EXERCISE DESCRIPTION
Exact transcription of the data below is required, without the images.

DATA BELOW
•••
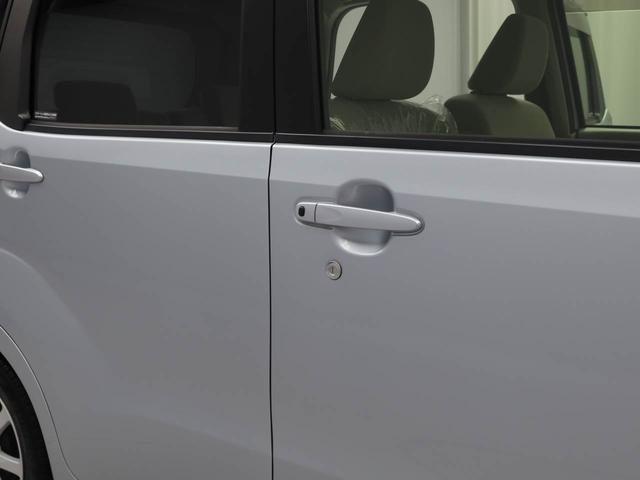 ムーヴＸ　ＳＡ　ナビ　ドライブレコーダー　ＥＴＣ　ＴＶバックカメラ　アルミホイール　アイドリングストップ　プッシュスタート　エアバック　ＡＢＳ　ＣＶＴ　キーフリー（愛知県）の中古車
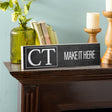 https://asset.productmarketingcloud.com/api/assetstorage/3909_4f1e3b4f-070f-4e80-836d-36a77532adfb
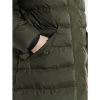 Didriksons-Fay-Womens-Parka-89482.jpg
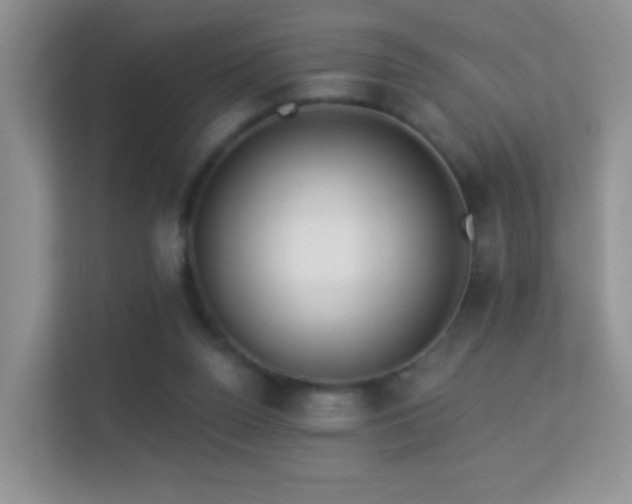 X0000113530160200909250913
•••
OUTPUT FOR THIS TASK
 ムーヴＸ　ＳＡ　ナビ　ドライブレコーダー　ＥＴＣ　ＴＶバックカメラ　アルミホイール　アイドリングストップ　プッシュスタート　エアバック　ＡＢＳ　ＣＶＴ　キーフリー（愛知県）の中古車
 https://asset.productmarketingcloud.com/api/assetstorage/3909_4f1e3b4f-070f-4e80-836d-36a77532adfb
 Didriksons-Fay-Womens-Parka-89482.jpg
 X0000113530160200909250913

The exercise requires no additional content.